In 1989, the
Supreme Court issued
Firestone Tire
& Rubber Co. v. Bruch, 489 U.S. 101
(1989), which permitted the inclusion of
language in employee benefit plans (including
insurance policies) that would trigger a
deferential standard of court review in ERISA
cases.
Since then, there
have been hundreds of appellate decisions and
thousands of district court decisions that have
struggled with interpreting when plan language
affords discretion and when it does not. This
ruling was one court's effort to try to close
the debate once and for all.
Alanna Schwartz
was a legal secretary in Chicago who had to stop
working due to disabling pain. She applied for
disability benefits under a long-term disability
insurance policy issued by Prudential for the
benefit of the employees of Sachnoff & Weaver
Ltd., the firm where Schwartz worked. However,
Prudential denied her claim, and when pre-suit
appeals failed, she brought suit in federal
court. The district court found in Prudential's
favor after determining the policy granted it
discretionary authority. The Court of Appeals
soundly reversed.
Schwartz v. Prudential Insur. Co. of America,
2006 U.S.App.LEXIS 14387 (7th
Cir. June 13, 2006).
The court focused
on the standard of review issue, discerning from
two prior precedents,
Herzberger v.
Standard Insur. Co., 205 F.3d 327
(7th Cir. 2000) and
Diaz v.
Prudential Insur. Co. of America, 424
F.3d 635 (7th Cir. 2005), that language
mandating the insured provide ''satisfactory
proof'' was too ambiguous to confer
discretionary authority. In fact, the 7th
Circuit proposed language in
Herzberger
that it held would constitute a
''safe harbor'' against challenge: ''Benefits
under this plan will be paid only if the plan
administrator decides in his discretion that the
applicant is entitled to them.'' 205 F.3d at
331. The court reiterated that Prudential's
policy fell well short of that standard.
Because the
language in the policy at issue in this case was
identical to the
Diaz
policy language, the court asked:
''At the risk of
being flippant, we might ask what part of 'no'
doesn't Prudential understand? We acknowledge,
though, that perhaps a fairer question, given
our cases on this point, is what part of
'probably not' doesn't it understand. We take
this opportunity to reaffirm that the language
in this plan is not sufficient to confer
discretion on Prudential.''
The decision then
turned to Prudential's secondary argument that
the summary plan description grants
discretionary authority. Although the SPD
contained discretionary language, the court
pointed out that the plan did not, placing the
two documents in conflict with one another. Only
where the plan participant relies on the summary
plan description to his detriment would the SPD
control; otherwise, the court explained, it is
the plan itself that it more complete. The court
then cited
Shaw v. Connecticut General Life Insur. Co.,
353 F.3d 1276 (11th Cir. 2003) and
Grosz-Salomon
v. Paul Revere Life Insur. Co., 237
F.3d 1154 (9th Cir. 2001), which presented the
same issue. Both cases found the SPD could not
change the terms of the insurance contract;
therefore a de novo standard of review applied.
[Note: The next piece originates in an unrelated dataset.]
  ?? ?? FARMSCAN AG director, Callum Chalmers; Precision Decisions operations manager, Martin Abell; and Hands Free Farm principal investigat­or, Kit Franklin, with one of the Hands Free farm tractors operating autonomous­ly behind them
In the present situation, the court elaborated:
''The SPD is a
document that the administrator must provide to
participants pursuant to 29 U.S.C. § § 1022 and
1024. It is not the subject of negotiation.
Information in the SPD must be provided in a
manner 'calculated to be understood by the
average participant.' § 1022. Without casting
aspersions on Prudential, we note that the
implication of § 1022 is that the SPD will be an
accurate summary, not an unnegotiated
enlargement of the administrator's authority.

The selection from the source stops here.